▶ What you have to do
Throughout the records below, find each line holding "from" and copy it.

▶ Data for review
##############################
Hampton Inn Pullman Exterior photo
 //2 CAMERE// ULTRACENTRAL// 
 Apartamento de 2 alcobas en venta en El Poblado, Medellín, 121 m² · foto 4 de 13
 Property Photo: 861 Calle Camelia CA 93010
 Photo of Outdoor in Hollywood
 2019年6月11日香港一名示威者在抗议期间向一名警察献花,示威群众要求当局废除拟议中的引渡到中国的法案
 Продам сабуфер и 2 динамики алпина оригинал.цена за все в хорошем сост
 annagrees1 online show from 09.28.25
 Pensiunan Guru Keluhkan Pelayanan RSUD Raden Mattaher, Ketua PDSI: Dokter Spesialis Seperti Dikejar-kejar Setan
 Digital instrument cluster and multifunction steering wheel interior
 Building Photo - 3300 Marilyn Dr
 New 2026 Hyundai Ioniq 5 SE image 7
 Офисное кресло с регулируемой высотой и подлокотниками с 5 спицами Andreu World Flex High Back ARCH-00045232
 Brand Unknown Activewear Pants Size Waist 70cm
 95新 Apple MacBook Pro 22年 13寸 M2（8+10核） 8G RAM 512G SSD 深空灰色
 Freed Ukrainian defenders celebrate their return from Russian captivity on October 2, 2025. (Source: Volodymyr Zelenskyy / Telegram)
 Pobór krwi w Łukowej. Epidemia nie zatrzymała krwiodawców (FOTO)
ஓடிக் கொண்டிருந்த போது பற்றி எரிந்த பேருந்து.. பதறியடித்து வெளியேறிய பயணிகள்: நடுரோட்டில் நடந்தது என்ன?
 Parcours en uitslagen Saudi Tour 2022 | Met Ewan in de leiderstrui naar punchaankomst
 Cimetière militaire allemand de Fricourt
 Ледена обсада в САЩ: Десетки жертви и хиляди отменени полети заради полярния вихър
##############################
▶ The completed task
 annagrees1 online show from 09.28.25
 Freed Ukrainian defenders celebrate their return from Russian captivity on October 2, 2025. (Source: Volodymyr Zelenskyy / Telegram)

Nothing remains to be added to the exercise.